Species of pitcher plant from the Philippines

Nepenthes graciliflora is a tropical pitcher plant endemic to the Philippines. Long considered a synonym of N. alata, it was restored as a separate species in 2013 by Martin Cheek and Matthew Jebb. It has been recorded from the islands of Bohol, Leyte, Luzon, Mindanao, Mindoro, Panay, Samar, and Sibuyan, and following the redelimitation of N. alata is the most widespread Nepenthes species of the Philippines. It is known from mossy, submontane forest, generally at 800–1280 m altitude, though the type specimen from Sibuyan was collected at only 300 m.

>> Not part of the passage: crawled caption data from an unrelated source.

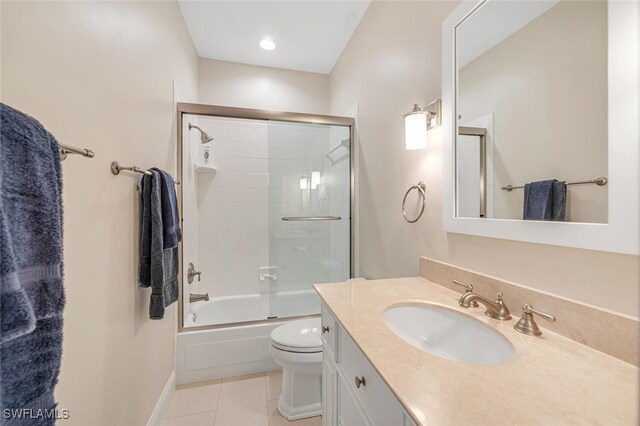 full bathroom with vanity, tile patterned flooring, enclosed tub / shower combo, and toilet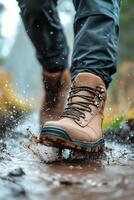A person steps through a muddy trail with sturdy hiking boots in a lush green forest photo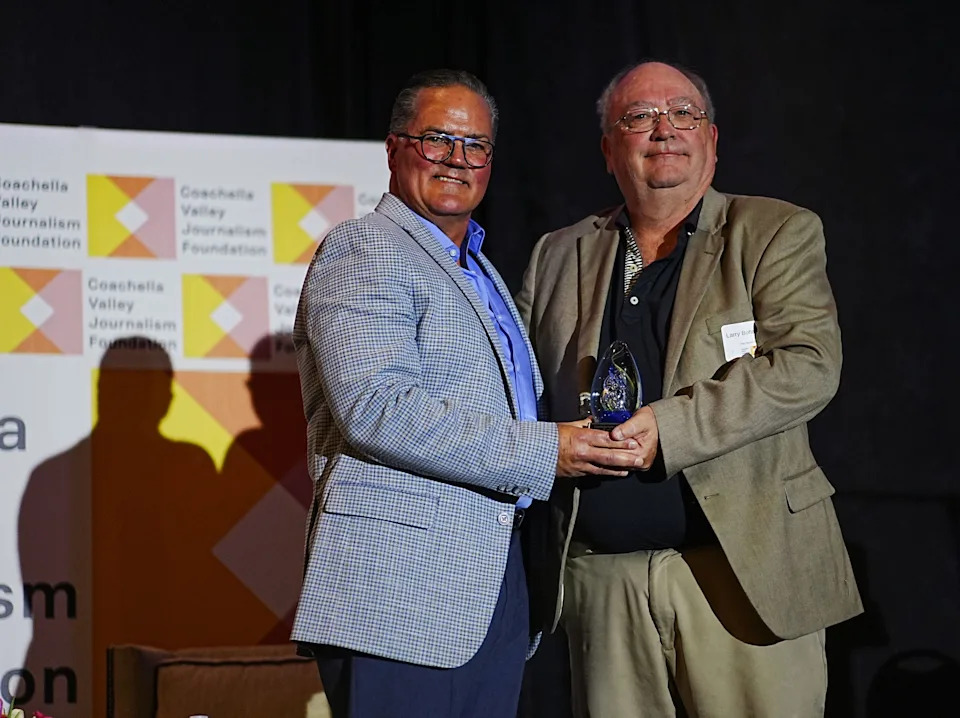 Larry Bohannan, right, is inducted into the 2026 Media Hall of Fame during the Coachella Valley Journalism Awards by CVJF president Randy Lovely in Rancho Mirage, Calif., Feb. 24, 2026.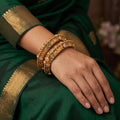 A pair of gold-toned Rajwadi polished bangles encrusted with decorative stones.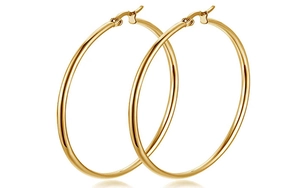 Detailed view of large gold-plated stainless steel hoop earrings with polished finish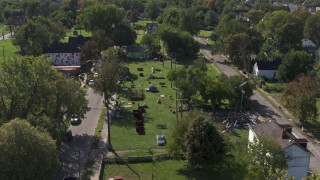 5.7K aerial stock footage of circling the Heidelberg Project art display in Detroit, Michigan Aerial Stock Footage | DX0002_195_005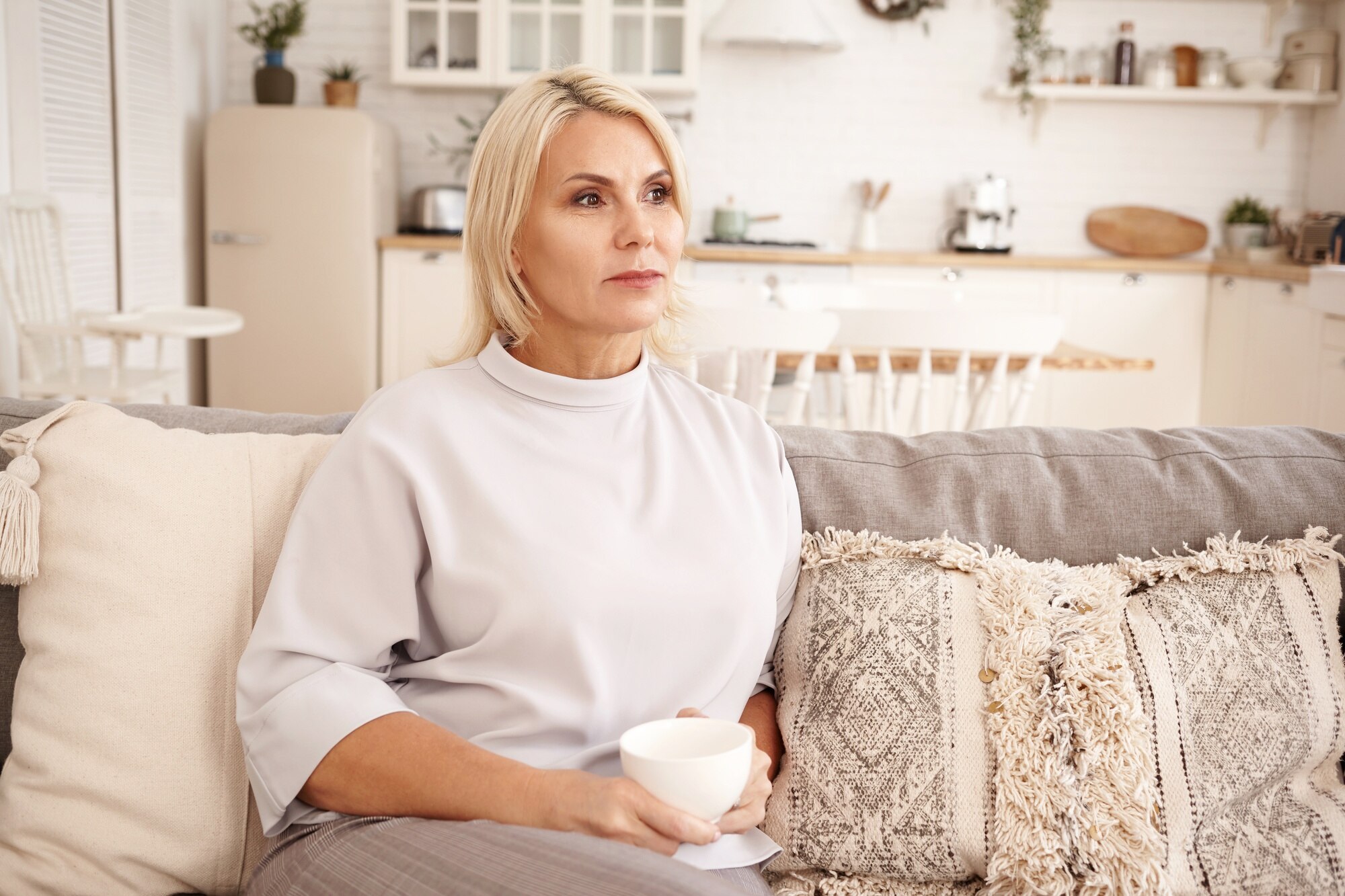 Une femme à l'expression sérieuse assise sur un canapé | Source : Freepik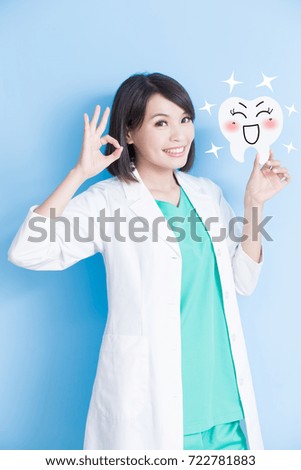 woman dentist take tooth board and show ok to you on the blue background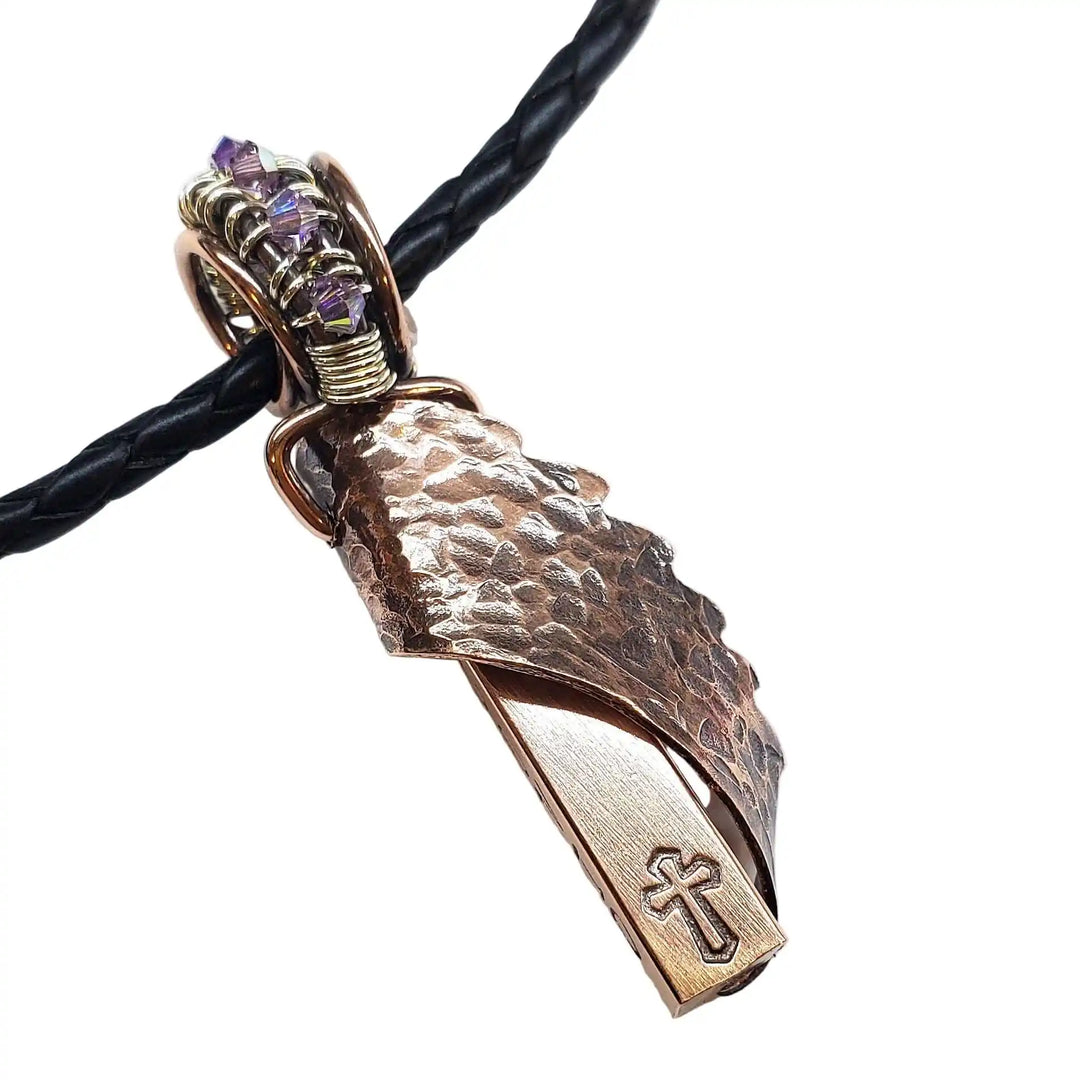Sculpted Copper Angelwing Crystal Birthstone Necklace with a hammered copper angel wing pendant and amethyst crystals.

Nepenthes graciliflora belongs to the informal "N. alata group", which also includes N. alata, N. ceciliae, N. copelandii, N. extincta, N. hamiguitanensis, N. kitanglad, N. kurata, N. leyte, N. mindanaoensis, N. negros, N. ramos, N. saranganiensis, and N. ultra. These species are united by a number of morphological characters, including winged petioles, lids with basal ridges on the lower surface (often elaborated into appendages), and upper pitchers that are usually broadest near the base.